Compute Strategy Design

Explore how to design an effective compute strategy in AWS by evaluating execution models such as EC2, containers, and serverless. Understand workload mapping, performance needs, and cost considerations to select the best compute option. Learn to optimize instance families, adopt Graviton processors, and apply high-performance computing patterns including cluster placement groups and Elastic Fabric Adapter for low-latency applications. This lesson helps you develop architectural decision-making skills to deploy scalable and efficient AWS compute environments.

We'll cover the following...

Compute as an architectural decision
Matching execution models to workloads
EC2 instance family selection and optimization
High-performance compute design
- Cluster placement groups and network interfaces
  - EFA vs. ENA
- ParallelCluster and shared storage
Cost and performance alignment
- Purchase models
- Scaling strategies and resilience
Conclusion

In AWS solution architecture at the professional level, compute selection is never a checkbox decision. It is an architectural choice that influences every layer of a system, including networking design, storage integration, scaling behavior, cost structure, and operational responsibility. Scenario-based questions evaluate whether an architect can reason about these trade-offs in context rather than defaulting to the most managed option. This lesson establishes a structured framework for compute decisions, moving from execution models to workload mapping, performance considerations, and cost alignment.

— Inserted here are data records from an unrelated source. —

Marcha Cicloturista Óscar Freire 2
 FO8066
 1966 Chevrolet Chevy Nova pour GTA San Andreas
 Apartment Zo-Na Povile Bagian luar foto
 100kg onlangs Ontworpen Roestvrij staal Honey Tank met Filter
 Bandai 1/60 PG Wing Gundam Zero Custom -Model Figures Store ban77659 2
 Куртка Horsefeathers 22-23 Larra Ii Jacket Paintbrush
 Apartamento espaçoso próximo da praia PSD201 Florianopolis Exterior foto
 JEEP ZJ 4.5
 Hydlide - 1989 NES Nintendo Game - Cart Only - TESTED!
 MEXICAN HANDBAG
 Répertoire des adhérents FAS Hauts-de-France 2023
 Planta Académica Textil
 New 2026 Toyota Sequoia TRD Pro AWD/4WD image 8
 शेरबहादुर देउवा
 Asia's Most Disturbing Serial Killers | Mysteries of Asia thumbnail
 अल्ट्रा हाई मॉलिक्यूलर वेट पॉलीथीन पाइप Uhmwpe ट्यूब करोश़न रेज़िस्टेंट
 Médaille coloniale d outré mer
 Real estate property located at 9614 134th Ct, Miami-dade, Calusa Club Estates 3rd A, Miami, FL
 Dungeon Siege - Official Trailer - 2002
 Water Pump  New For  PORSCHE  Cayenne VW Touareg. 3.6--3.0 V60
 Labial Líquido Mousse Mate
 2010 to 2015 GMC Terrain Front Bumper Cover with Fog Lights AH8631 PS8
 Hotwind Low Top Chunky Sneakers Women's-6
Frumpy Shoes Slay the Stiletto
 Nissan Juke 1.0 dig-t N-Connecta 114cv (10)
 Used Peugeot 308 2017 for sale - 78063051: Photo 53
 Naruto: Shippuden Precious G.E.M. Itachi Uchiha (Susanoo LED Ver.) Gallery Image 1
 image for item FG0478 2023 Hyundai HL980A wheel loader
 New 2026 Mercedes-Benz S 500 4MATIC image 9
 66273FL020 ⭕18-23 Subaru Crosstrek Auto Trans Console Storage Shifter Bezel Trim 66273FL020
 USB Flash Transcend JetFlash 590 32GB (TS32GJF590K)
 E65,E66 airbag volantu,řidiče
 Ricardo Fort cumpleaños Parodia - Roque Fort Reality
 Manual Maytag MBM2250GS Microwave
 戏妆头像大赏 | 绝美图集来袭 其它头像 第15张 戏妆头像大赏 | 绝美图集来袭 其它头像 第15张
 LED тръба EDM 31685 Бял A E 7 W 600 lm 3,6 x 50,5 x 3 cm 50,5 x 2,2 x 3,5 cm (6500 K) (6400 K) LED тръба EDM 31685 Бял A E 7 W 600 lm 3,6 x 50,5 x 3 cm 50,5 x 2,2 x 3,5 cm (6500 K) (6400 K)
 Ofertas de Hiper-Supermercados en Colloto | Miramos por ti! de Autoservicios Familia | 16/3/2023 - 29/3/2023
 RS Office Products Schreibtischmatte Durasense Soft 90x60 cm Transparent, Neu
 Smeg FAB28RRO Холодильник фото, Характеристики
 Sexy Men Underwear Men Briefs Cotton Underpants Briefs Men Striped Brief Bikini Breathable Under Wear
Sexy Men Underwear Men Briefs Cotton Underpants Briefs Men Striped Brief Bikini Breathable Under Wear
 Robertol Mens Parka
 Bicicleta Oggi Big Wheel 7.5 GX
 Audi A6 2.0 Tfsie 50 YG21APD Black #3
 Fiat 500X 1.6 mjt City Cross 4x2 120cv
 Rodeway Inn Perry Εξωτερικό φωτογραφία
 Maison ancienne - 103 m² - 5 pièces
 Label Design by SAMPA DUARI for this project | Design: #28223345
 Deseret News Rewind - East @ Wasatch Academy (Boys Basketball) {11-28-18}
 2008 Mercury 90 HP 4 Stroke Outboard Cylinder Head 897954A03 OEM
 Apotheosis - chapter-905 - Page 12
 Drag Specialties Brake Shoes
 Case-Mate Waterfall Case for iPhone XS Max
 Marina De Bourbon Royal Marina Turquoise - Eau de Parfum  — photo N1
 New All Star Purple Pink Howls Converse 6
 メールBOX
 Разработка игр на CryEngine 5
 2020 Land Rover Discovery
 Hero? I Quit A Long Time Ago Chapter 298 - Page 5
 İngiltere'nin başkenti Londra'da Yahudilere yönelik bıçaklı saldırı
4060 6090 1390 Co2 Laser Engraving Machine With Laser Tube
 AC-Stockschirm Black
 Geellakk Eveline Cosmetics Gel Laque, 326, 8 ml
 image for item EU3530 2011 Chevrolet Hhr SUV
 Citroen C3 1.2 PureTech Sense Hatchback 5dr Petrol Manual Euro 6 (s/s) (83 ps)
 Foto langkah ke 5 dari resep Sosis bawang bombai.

Compute as an architectural decision

Choosing between EC2, containers, and serverless is a trade-off between control and operational overhead. Amazon EC2 provides full OS-level control, custom kernel tuning, and support for specialized hardware such as GPUs and custom networking, but requires management of patching, scaling, and capacity planning. Containers on services like Amazon ECS and Amazon EKS offer portability and orchestration benefits, but introduce cluster and scheduling complexity. Serverless options like AWS Lambda and AWS Fargate remove infrastructure management entirely, but impose constraints such as execution limits, runtime boundaries, and event-driven design requirements.

The key architectural principle is constraint validation before optimization. Workloads that require kernel-level tuning, dedicated hardware access, or specialized licensing cannot be moved to serverless purely for simplicity. Conversely, event-driven and unpredictable workloads gain no benefit from EC2 fleet management.

Matching execution models to workloads

Selecting the right execution model requires aligning workload characteristics with the capabilities and constraints of each compute option. Three primary models cover the decision space.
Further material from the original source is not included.